8. Should I take a bus and pay the fare or drive?

9. Should Tony buy a pizza for $10 or a hot dog + a drink for the same amount?

10. Should Amanda quit her 9 to 5 and freelance or stay on for stability?

#3. How to account for opportunity cost?

As a trader or an investor, although it's usually not possible, we try our best not to leave any money on the table. Nonetheless, opportunity cost still exists. So here is how to properly consider the opportunity cost of every choice.

1. Keep opportunity cost in mind

According to the University of Massachusetts Dartmouth, one of the most important elements of decision making is weighing the risk to reward of the potential outcome. Especially in the realm of trading.

Ask the question: "What will I lose out on by picking this alternative?"

Then, of course, assess those alternatives and consider which one is more important to your current situation.

2. There is an opportunity cost in waiting

Firstly, remember that not making a decision is also a decision in itself.

And secondly, you're losing out on the potential profits because you couldn't pull the trigger.

That said, it doesn't mean that you should rush into decisions without giving it a second thought, but rather just aware that every minute that you take to make that decision is a minute that could have given you some returns.

No pressure though...

3. Misexpecting the opportunity cost

On one end, there are people who underestimate opportunity cost and end up paying huge amounts of it. And on the other, are those who overestimate opportunity costs.

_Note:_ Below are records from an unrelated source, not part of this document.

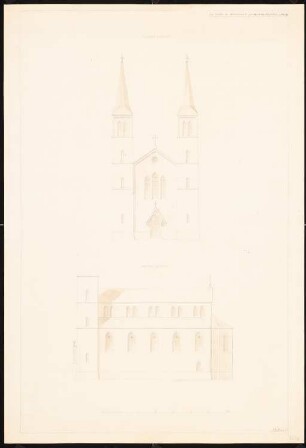 Kirche, Friedewalde: Vorderansicht, Seitenansicht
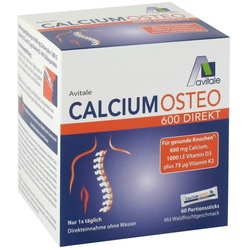 Calcium Osteo 600 Direkt Pulver 60 Sticks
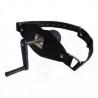 Black Label The Killer Leather & Silicone Ball Gag bavaglio con manovella e palla di gomma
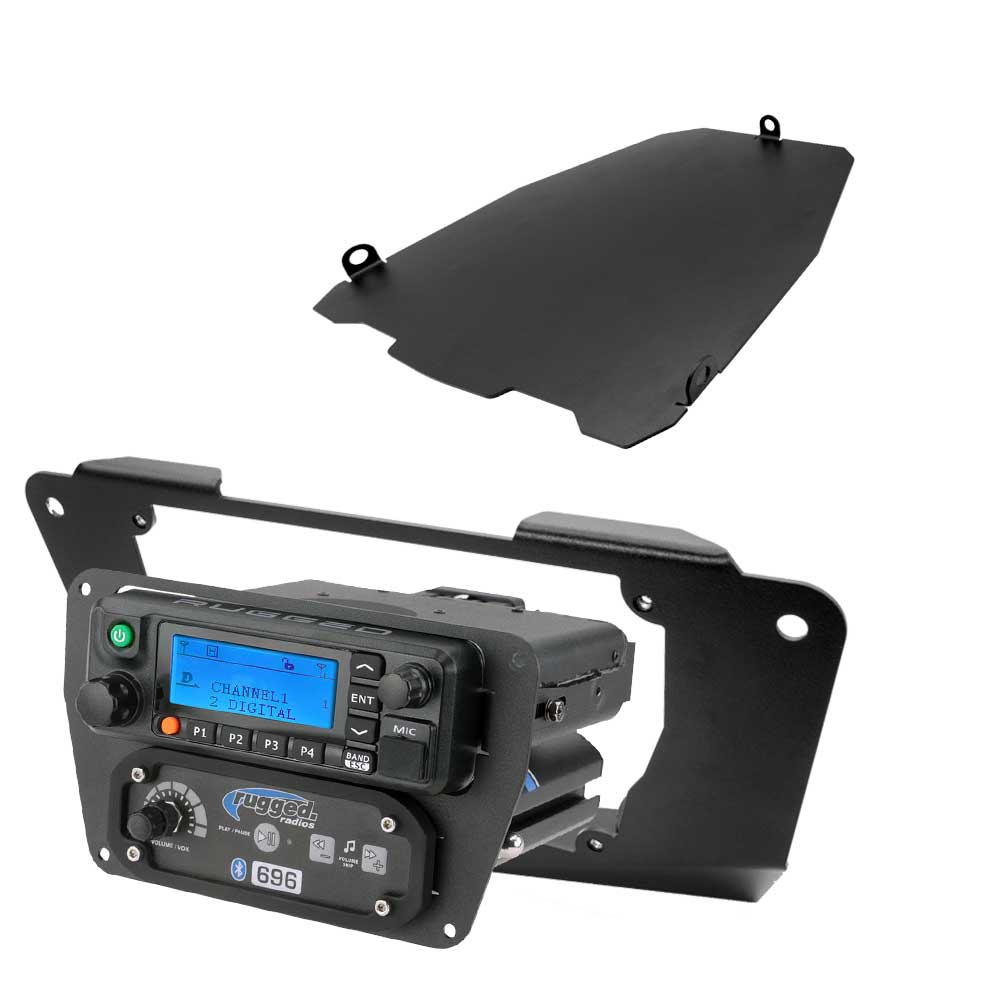 Can-Am Commander and Maverick - Glove Box Multi-Mount Kit for Rugged UTV Radios and Intercoms - Kenwood TK7360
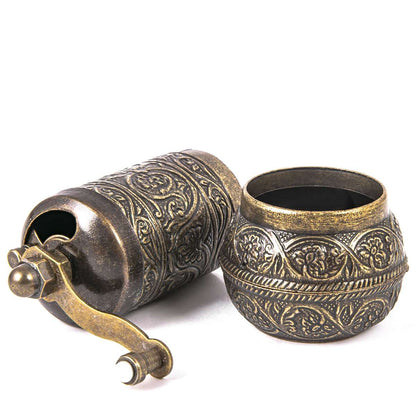 Gewürzmühle aus Metall  - Bronze - klein - 11 x 5cm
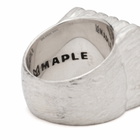 Maple Men's Big Cookie Signet Ring in Silver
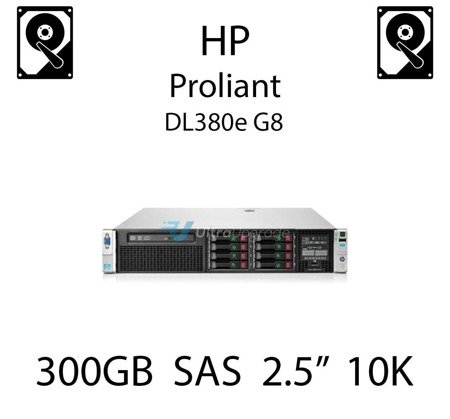 300GB 2.5" dedykowany dysk serwerowy SAS do serwera HP ProLiant DL380e G8, HDD Enterprise 10k, 12Gbps - 785067-B21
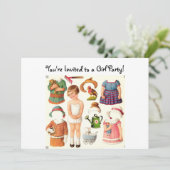 Invitations de papier de poupée (Debout devant)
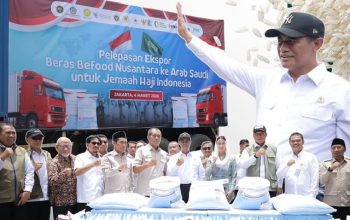 Indonesia  Ekspor 2.280 Ton Beras Super Premium ke Arab Saudi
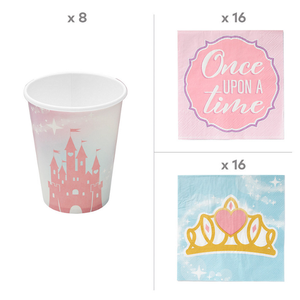 DAMAI - Juego de Vajilla Desechable para Fiesta de Princesas, Diseño de Castillo, Platos de Papel para Fiesta de Cumpleaños - Product Image 3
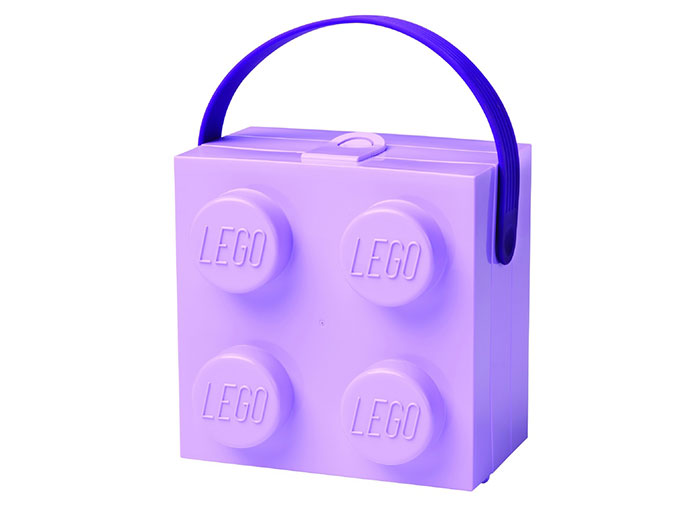 LEGO. Cutie pentru sandwich 2x2 lavanda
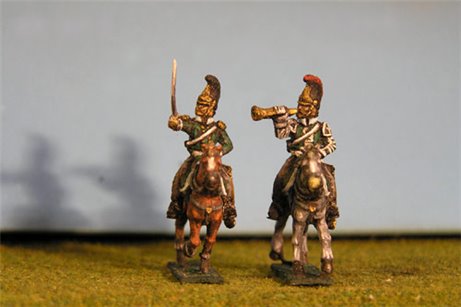 Dragoons Command x4 (2 Trumpeters & 2 Officers)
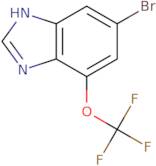 6-Bromo-4-(trifluoromethoxy)-1H-benzimidazole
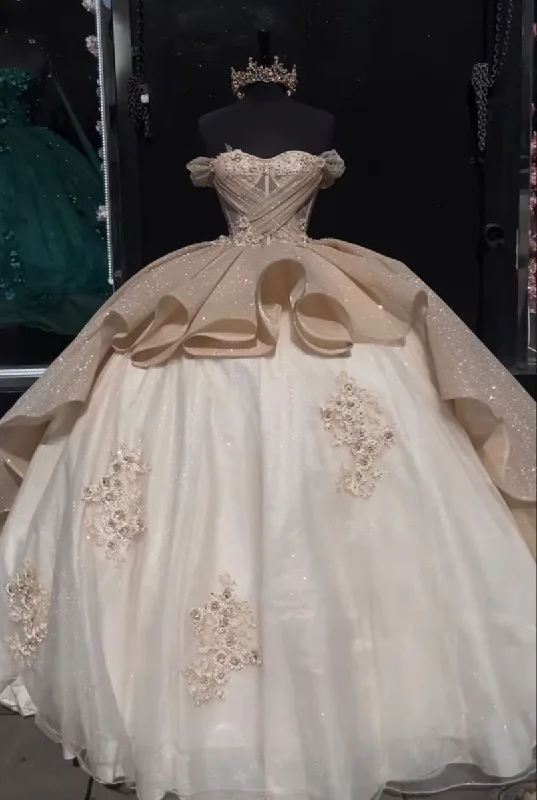Exclusive Access ruffle dressLuxury Quinceanera Dresses Applique Corset Ball Gown Prom Sweet 16 Dress Y4144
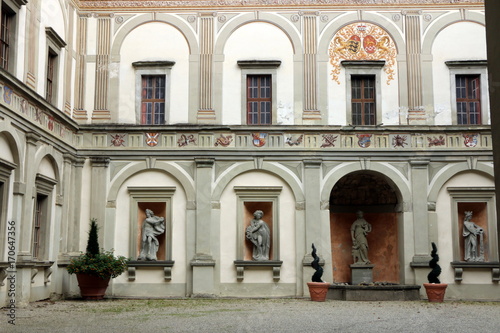 Historic Palace of Hohenems  Innenhof des historischen Palastes in Hohenems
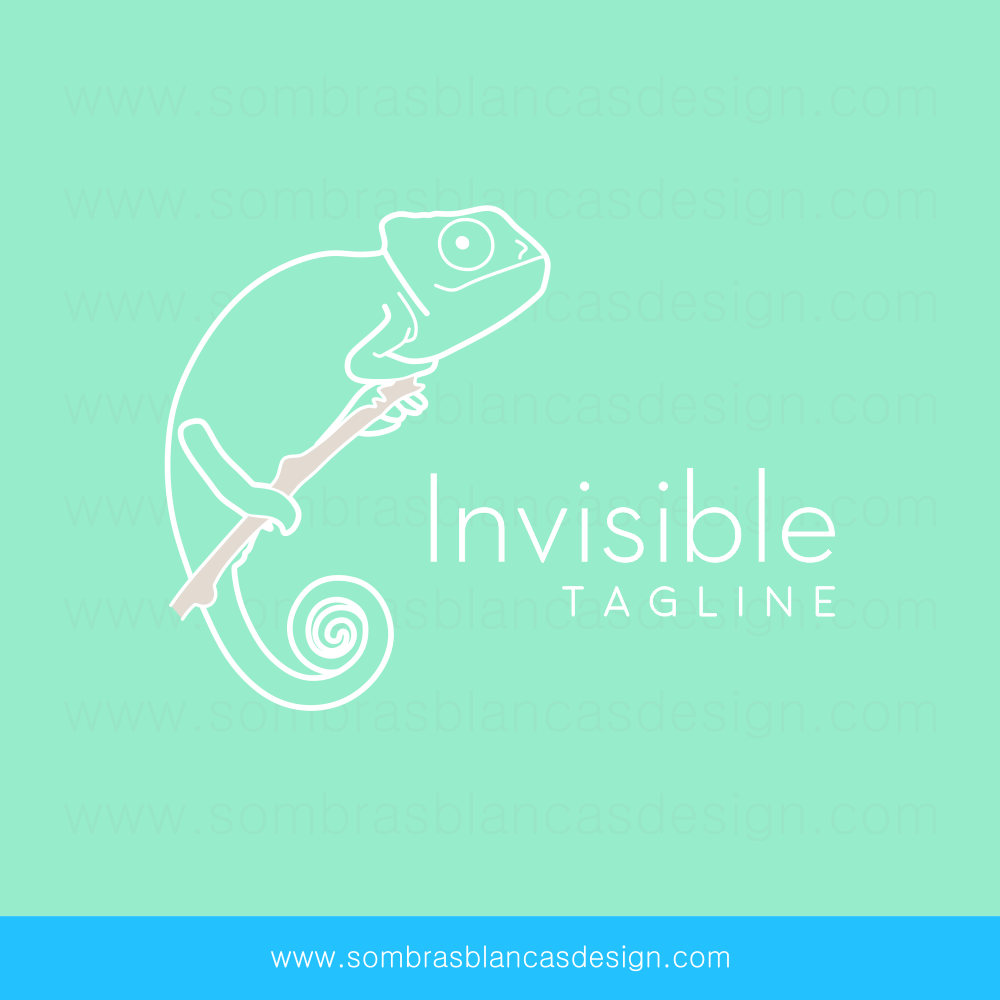 Pre-Designed Logo - Invisible Chameleon - Pre-designed Logo - Sombras Blancas Art & Design
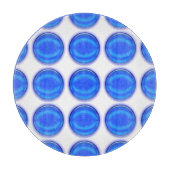 Snijbord - Blauwe stippen Snijplank (Voorkant)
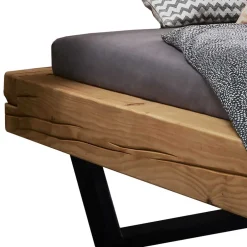 Balkenbett ohne Kopfteil aus Fichte Massivholz - Lary^Wohnen Clearance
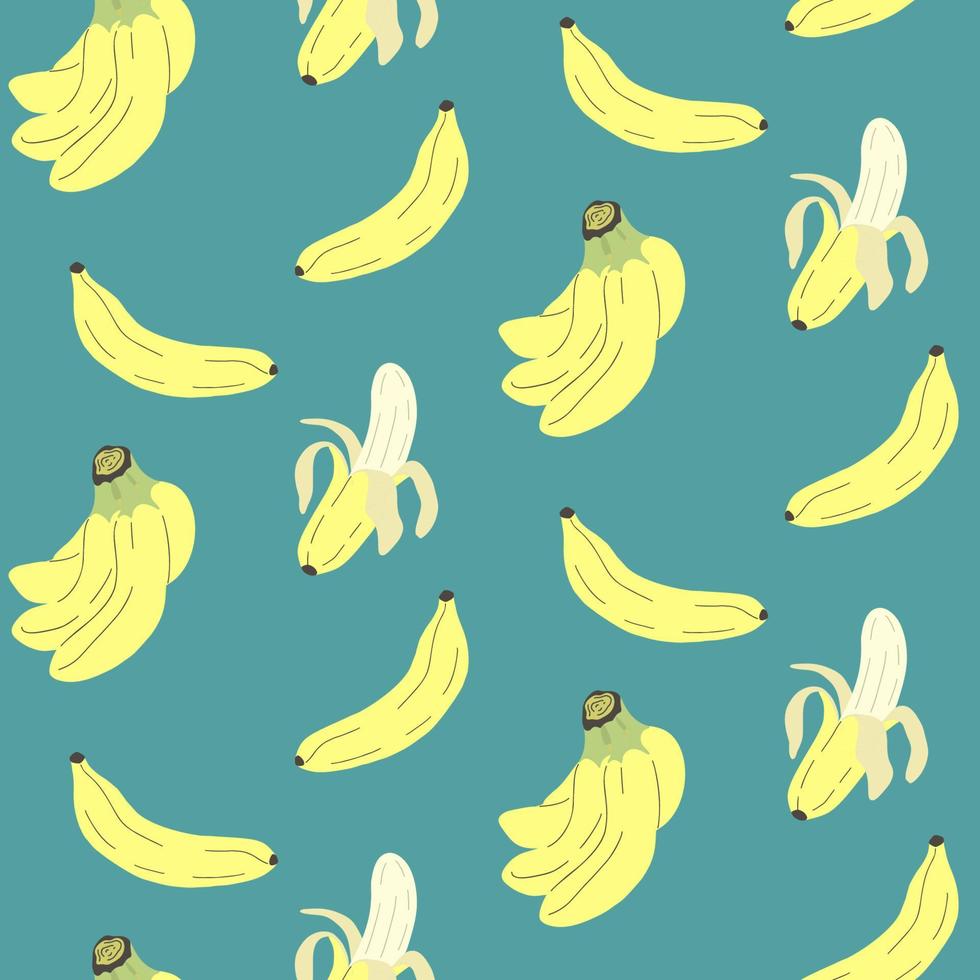 Cute seamless pattern with banana. Print for textile, wrapping paper, wallpaper vector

A study on opportunity cost determined that when the choices are limited to external constraints (such as time or budget), it can cause decision-makers to overestimate the opportunity cost of merely picking one specific option.

To illustrate this, when you're presented with several options, your opportunity cost is not the combined value of everything you didn't choose. Rather, it's only what you gave up when you selected the best choice.

In short, overestimating opportunity costs can cause you to have a skewed view of the situation and result in irrational actions.

4. Opportunity cost vs hindsight bias

As mentioned above, due to the nature of decisions where both the qualitative and quantitative side plays a role, opportunity cost should mainly be used to assess past decisions. And use the outcome of this past decision to guide future decisions.

This is a great practice. However, be aware to not fall into the category of hindsight bias.

Hindsight bias refers to when you view the event as more predictable than they really are.

In simple words, if you made the decision using the information that you had at that time but this decision ended up to be the inferior choice, it doesn't mean that it's a bad decision. Vice versa.

5. Opportunity cost vs trade-off

Trade-offs are all the other alternatives that are foregone to do what we want.

Opportunity costs are the costs of missing out on the next best alternative.

6. Opportunity cost vs sunk-cost bias

Sunk costs are the costs that cannot be recovered.

Opportunity costs reflect the returns that could have been made elsewhere.

7. Opportunity cost vs marginal cost

Marginal costs always have a monetary value (visible).

Opportunity costs can have a monetary value or not.


Opportunity cost can mean different to each individual and profession. But as traders, we always want to maximise our gains, or if you're an economist, minimise the losses.

Completely understanding this concept is only going to benefit you as it helps you understand what you're foregoing above the monetary value.